Pour Rougemont, la femme celte est « divine et prophétique aux yeux des druides ». Bien sûr  qu’elle l’est ! Mais pas pour les raisons symboliques et fumeuses qu’évoque Rougemont. Les druides sont les mieux placés pour connaître la divinité de la Grande Déesse. Ils se souviennent de l’ère précédente, celle du Taureau, ou pour mieux dire de la Taure, de l’Hathor. Les druidesses sont venues avant les druides. Elles ont régné sur le monde pré-celtique grâce à leur grande sagesse et leur haute taille. Mais le règne planétaire des Matriarches a pris fin dans un bain de sang. Les Amazones, gardes noires de la Grande Déesse, ont semé la terreur et la torture à travers le pays. Quand les géantes ont disparu, il ne restait que des femmes de la même taille que les hommes, elles ont payé pour les exactions de leur gigantesques consœurs. Quatre mille ans plus tard, les femmes le payent encore.

 

 

Les sources écrites

La langue gauloise était réservée à l’oral, comme la plupart des langues celtiques. On n’en a donc aucune trace écrite. Bien sûr, il y a l’ouvrage majeur de l’empereur Jules César, De Bello Gallico, La Guerre des Gaules, mais son récit très politique visait surtout à impressionner le Sénat romain. Il manque vraiment d’objectivité en présentant les Gaulois comme un peuple cruel et barbare.

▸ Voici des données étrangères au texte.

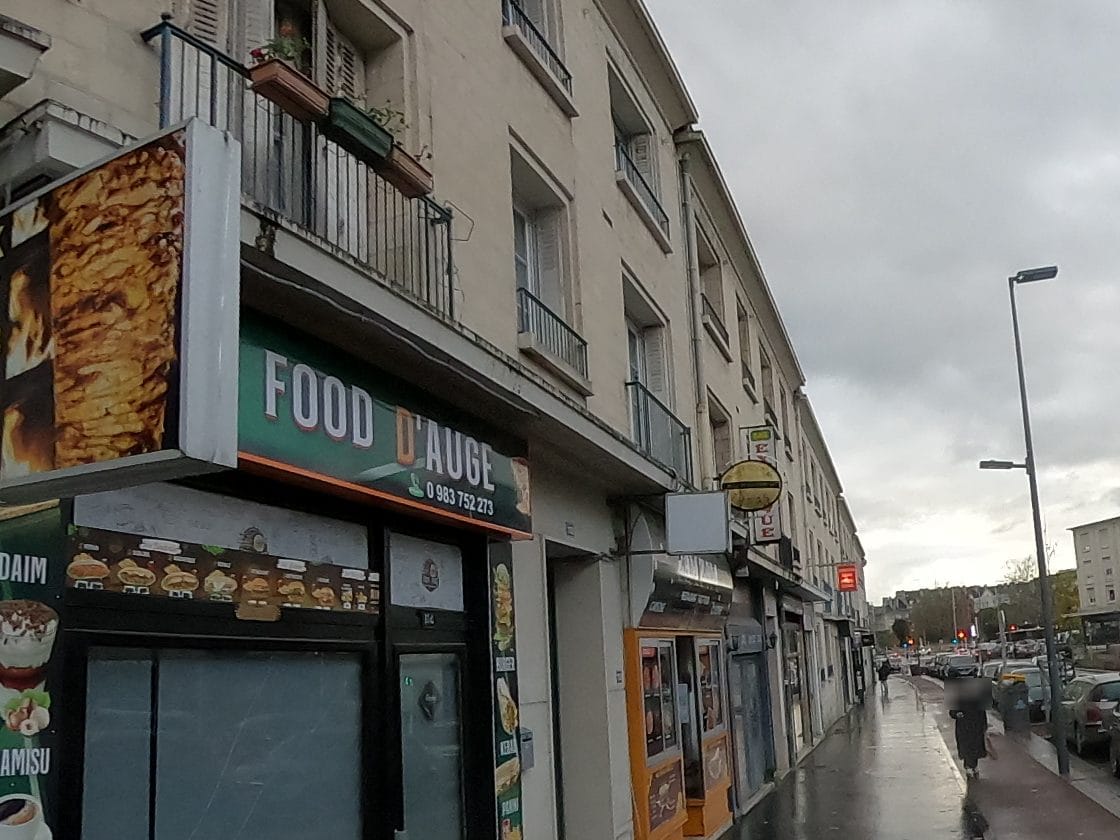 Vue de la rue à l’adresse de Le 213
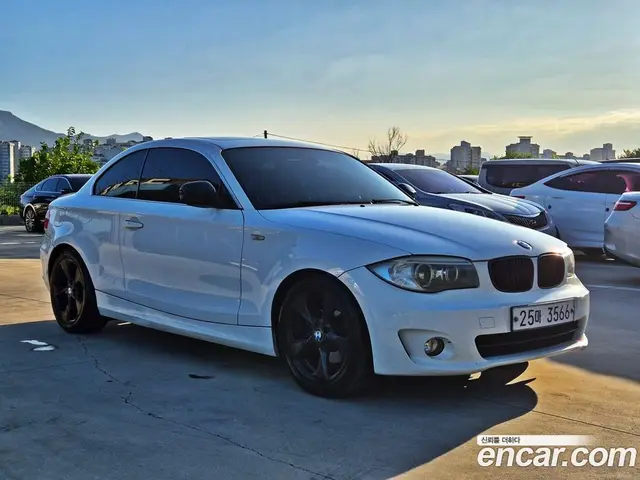 BMW 1 серия 2011 2.0 АКПП, миниатюра 4 BMW 1 серия 2011 2.0 АКПП, миниатюра 4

César a donc baratiné à fond pour qu’on lui pardonne les exactions et les pillages commis pas ses légions cruelles et barbares. Malgré ça, son retour à Rome n’a pas été facile. Il a été obligé de forcer une loi romaine interdisant aux armées de s’approcher de la Ville. À la tête de ses légions, il a fait franchir le Rubicon à toute son armée pour entrer dans Rome.

Or les Gaulois étaient l’élite culturelle de l’Europe, très prisée des Romains qui y faisaient leurs études dans les universités druidiques. Leur mode notamment, les tuniques brodées et les manteaux élégants, les chausses finement cousues, la vaisselle, etc. s’achetaient à prix d’or dans tout l’Empire Romain, jusqu’en Grèce et en Égypte, les autres nations civilisées de l’époque.

Pourtant nos manuels scolaires se sont alignés sur les âneries de César pour nous montrer des sauvages à demi nus, fidèles au portrait qu’en trace sa Guerre des Gaules.

Les seules sources celtes parvenues jusqu’à nous sont rédigées en gaélique d’Irlande et datent du Moyen Âge. Voici une présentation des trois principaux:

Lebor Gabála Érenn
Le ‘Livre des Conquêtes’, Lebor Gabála Érenn, est l’un des récits irlandais majeurs de l’époque médiévale. Véritable cosmogonie, il décrit l’invasion de l’île par six peuples mythiques héroïques pré-humains, avant l’arrivée et le règne terrestre des Gaëls.

Táin Bó Cúailnge
La Táin Bó Cúailnge, que l’on traduit par la « Rafle des Vaches de Cooley » est le récit principal et le plus long du cycle d’Ulster qui, avec le cycle mythologique, le cycle fenian, et le cycle historique, constituent le corpus littéraire de la mythologie celtique irlandaise.

Cath Maighe Tuireadh
Cath Maighe Tuireadh est un récit du Cycle mythologique de l’Irlande, dans lequel nous est racontée la guerre qui oppose les dieux des Tuatha Dé Danann à leurs ennemis les Fir Bolg, et aux Fomoires. Littéralement, le titre se traduit par bataille de la plaine des piliers en référence aux guerriers sur les champs de bataille. Maighe Tuireadh signifie « la plaine des piliers ». Il s’écrit aujourd’hui Mag Tuired et se prononce Moï Toura.